Directed by: Todd Field
Starring: Kate Winslet (Sarah), Patrick Wilson (Brad), Jennifer Connelly (Kathy), Jackie Earle Haley (Ronnie), Noah Emmerich (Larry), Phyllis Somerville (Ronnie’s Mom, May)
Language: English (English subtitles)
Genres: Infidelity, Old-Young
Plot – Spoilers:
Little Children is a collection of miserable characters whose interactions with each other breathes life into a stagnant suburb in Boston. Sarah (Kate Winslet) is the mother of a 3 year old girl who harbored ambitions of writing and even has a degree in Literature until marriage and the kid got in the way of her doctorate. She has zero connection with her husband, a branding consultant, who prefers to cloister himself in his room upstairs watching some B-grade pornography that gets his rocks off intensely. Even by 2006 standards, the stuff he’s so turned on by makes you wonder how poor his internet skills must be 🙂
Sarah hangs around a park and is kind of distant from her daughter while attempting to make polite conversation with the small-minded women there whose only claim to being alive is gossip. Into this boring and suffocating world arrives the good looking Brad (Patrick Wilson) who’s resigned to being a bar-exam failing loser, bossed around by his documentary filmmaker wife Kathy (Jennifer Connelly).
While Sarah and Brad find kinship in each other’s company, the small community they live in is disturbed by the arrival of a pedophile, Ronnie, who has served his sentence and decided to shack up at his mother’s place.
By the end of the movie, most of the characters find their misery alleviated in some way or the other.
Larry, the ex-cop who took out his frustrations of not being on the force anymore by bullying Ronnie, gets a chance at redemption.
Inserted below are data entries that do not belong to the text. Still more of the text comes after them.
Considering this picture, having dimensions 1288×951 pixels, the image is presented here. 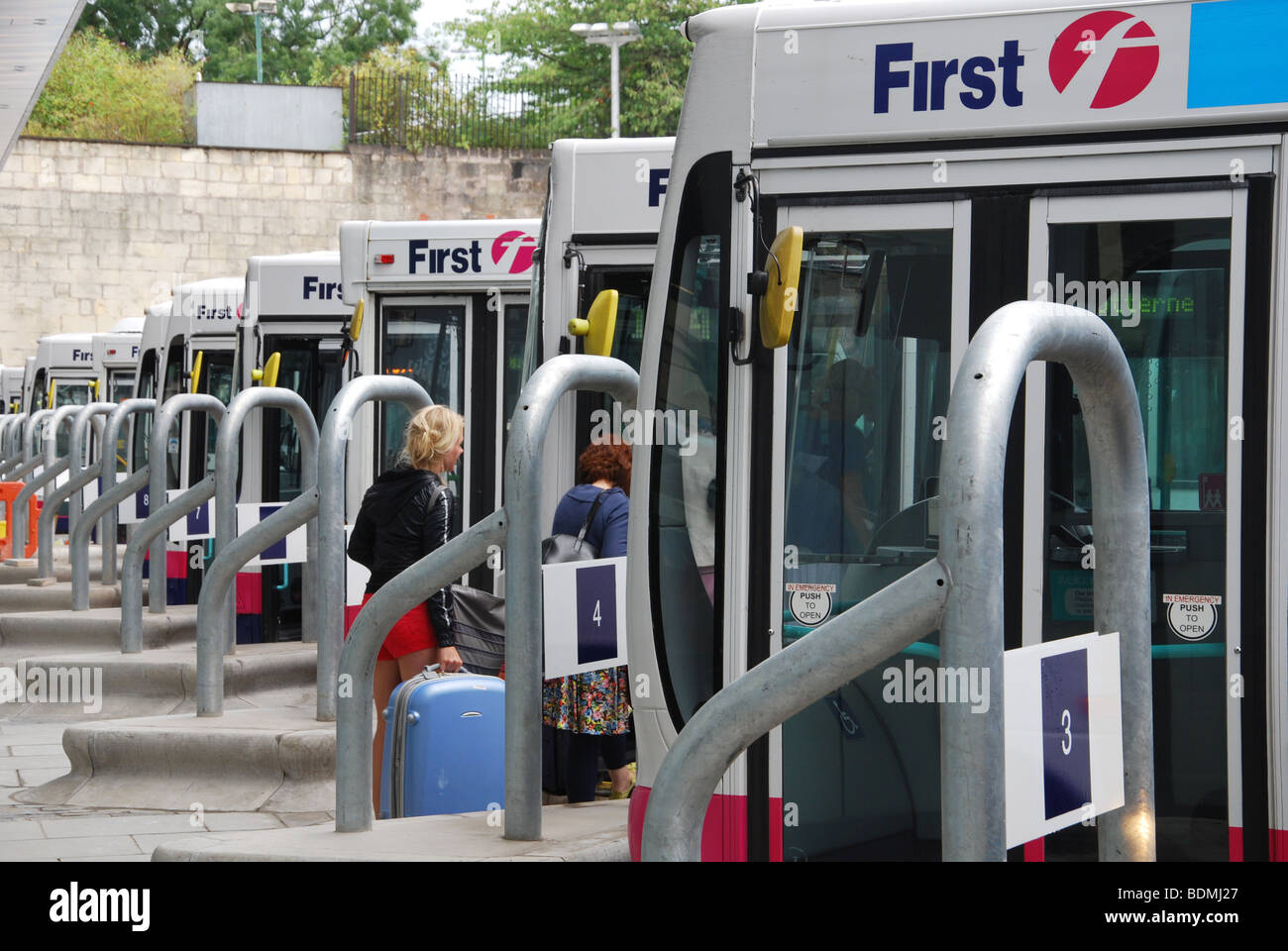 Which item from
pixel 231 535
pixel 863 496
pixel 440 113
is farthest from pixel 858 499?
pixel 440 113

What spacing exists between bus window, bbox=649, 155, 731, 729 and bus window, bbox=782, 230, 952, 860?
219 mm

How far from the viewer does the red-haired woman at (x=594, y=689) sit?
571 centimetres

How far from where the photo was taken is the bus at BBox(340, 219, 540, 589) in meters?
9.46

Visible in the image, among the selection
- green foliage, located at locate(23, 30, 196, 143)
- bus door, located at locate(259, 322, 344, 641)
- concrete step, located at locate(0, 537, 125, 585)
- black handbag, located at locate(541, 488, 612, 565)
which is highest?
green foliage, located at locate(23, 30, 196, 143)

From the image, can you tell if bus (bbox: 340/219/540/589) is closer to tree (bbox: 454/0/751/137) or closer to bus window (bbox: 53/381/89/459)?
bus window (bbox: 53/381/89/459)

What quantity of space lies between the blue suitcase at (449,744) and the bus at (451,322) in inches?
157

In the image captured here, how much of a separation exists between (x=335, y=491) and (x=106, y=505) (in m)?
4.35

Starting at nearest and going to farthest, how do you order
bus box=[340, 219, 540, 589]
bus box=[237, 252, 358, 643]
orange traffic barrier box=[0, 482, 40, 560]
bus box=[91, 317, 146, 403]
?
1. bus box=[340, 219, 540, 589]
2. bus box=[237, 252, 358, 643]
3. orange traffic barrier box=[0, 482, 40, 560]
4. bus box=[91, 317, 146, 403]

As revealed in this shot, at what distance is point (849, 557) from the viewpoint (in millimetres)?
4297

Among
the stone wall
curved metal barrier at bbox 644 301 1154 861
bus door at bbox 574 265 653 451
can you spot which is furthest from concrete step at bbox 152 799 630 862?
the stone wall

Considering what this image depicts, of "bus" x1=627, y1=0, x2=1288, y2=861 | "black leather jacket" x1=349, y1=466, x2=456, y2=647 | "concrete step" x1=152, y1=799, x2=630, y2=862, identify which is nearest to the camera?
"bus" x1=627, y1=0, x2=1288, y2=861

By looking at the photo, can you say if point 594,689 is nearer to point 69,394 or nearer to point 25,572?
point 25,572

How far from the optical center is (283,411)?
1156 centimetres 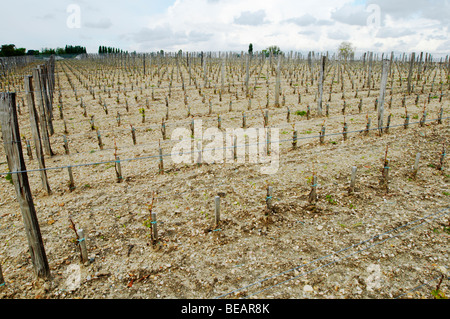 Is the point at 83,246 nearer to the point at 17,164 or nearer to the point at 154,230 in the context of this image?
the point at 154,230

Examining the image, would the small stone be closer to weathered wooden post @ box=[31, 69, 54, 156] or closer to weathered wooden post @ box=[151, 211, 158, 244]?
weathered wooden post @ box=[151, 211, 158, 244]

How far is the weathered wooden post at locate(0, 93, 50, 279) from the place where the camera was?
3.47m

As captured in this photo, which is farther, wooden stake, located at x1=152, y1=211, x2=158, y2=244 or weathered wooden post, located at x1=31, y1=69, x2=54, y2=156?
weathered wooden post, located at x1=31, y1=69, x2=54, y2=156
Ronnie chops off his cock ensuring he will never be able to molest another kid.
Kathy rediscovers the value of Brad once she realizes she’s on her way to losing him.
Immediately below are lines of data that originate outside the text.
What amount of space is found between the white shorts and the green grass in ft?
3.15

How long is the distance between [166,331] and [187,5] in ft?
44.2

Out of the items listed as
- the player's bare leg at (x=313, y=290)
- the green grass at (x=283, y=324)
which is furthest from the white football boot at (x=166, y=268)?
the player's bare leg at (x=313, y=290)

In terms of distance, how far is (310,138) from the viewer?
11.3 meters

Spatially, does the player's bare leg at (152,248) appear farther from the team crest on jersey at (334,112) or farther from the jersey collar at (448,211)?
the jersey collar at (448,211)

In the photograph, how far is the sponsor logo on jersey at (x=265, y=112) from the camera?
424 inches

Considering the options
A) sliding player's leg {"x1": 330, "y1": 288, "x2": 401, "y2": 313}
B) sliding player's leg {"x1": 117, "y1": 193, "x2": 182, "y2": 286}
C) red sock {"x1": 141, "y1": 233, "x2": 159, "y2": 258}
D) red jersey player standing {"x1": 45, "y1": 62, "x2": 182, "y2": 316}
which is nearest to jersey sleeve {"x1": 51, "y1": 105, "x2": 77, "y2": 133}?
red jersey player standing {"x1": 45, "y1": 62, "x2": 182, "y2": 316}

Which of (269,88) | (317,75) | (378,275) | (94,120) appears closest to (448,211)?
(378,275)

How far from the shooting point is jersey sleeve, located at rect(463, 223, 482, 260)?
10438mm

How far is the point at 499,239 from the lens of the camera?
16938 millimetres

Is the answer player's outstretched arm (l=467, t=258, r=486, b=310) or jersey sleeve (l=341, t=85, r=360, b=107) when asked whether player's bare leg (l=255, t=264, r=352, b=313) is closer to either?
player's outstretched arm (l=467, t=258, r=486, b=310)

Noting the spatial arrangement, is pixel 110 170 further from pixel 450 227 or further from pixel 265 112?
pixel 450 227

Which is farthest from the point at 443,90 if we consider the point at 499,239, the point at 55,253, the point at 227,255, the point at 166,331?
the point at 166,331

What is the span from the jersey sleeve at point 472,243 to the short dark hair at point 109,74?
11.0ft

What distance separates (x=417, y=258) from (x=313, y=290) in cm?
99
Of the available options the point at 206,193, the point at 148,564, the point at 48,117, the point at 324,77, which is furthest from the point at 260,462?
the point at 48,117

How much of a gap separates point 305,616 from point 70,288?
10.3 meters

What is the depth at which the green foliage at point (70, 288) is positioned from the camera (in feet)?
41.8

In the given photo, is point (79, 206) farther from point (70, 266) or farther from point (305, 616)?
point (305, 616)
Brad through his skateboarding accident figures his affair with Sarah was merely a way to feel alive again and that sport could easily replace Sarah effectively.
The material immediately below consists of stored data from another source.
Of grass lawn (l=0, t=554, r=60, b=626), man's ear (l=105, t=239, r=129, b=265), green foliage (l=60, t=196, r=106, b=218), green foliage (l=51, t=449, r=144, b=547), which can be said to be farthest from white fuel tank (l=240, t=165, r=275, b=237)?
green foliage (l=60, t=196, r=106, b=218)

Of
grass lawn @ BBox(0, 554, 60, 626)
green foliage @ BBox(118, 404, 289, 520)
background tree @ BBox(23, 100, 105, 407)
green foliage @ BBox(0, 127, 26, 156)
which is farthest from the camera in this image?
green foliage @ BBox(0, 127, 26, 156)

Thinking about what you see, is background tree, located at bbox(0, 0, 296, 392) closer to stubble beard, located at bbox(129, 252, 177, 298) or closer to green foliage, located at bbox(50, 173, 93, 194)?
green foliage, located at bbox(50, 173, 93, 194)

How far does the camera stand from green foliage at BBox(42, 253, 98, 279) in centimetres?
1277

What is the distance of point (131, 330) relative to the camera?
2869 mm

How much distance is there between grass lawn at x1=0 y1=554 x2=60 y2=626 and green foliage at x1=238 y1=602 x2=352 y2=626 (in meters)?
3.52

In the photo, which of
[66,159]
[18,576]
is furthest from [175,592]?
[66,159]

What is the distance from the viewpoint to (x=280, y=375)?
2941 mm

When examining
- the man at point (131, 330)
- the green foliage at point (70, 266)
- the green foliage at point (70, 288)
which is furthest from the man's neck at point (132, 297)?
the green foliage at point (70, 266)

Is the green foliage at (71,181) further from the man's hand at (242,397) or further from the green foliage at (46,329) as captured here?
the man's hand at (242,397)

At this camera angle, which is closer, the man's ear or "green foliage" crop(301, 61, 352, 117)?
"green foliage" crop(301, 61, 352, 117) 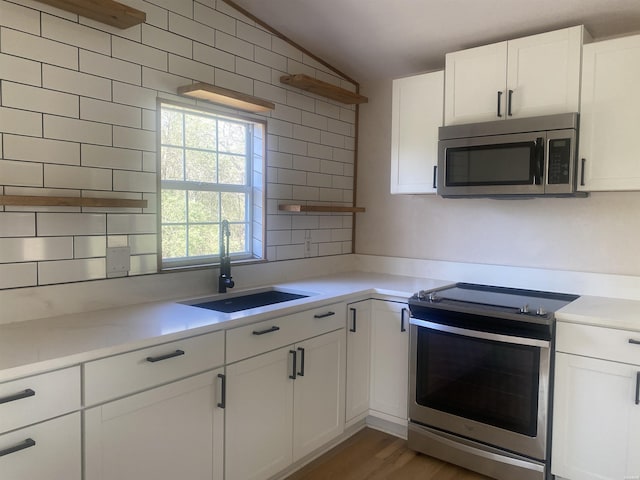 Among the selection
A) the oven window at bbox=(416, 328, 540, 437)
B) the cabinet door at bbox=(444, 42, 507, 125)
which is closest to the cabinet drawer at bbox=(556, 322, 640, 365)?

In all of this, Sarah appears to come off the worst. While she seems to accept her married fate, the key is that it is acceptance, not some kind of epiphany. You can almost imagine that the rest of her life will be one slow dimming away of the fire that was briefly lit.
Favourite Scenes (Massive Spoilers):
1. After Sarah buys a new red bathing suit, she wears it to the pool hoping to meet Brad there. As she walks out of the changing room and notices Brad, she lets out a small gasp and is filled with a happiness that was missing until that very moment.
2. Ronnie’s interactions with his mother.
Unlike the rest of the world, Ronnie’s mom only sees her child and not a pedophile and sincerely believes that Ronnie can be cured if he finds a girlfriend. The scene where she lists out his attributes to put in a dating column advert is tragically comical and briefly humanizes Ronnie. There is also the simple note she writes him before her death that sends Ronnie into a tailspin of guilt and misery.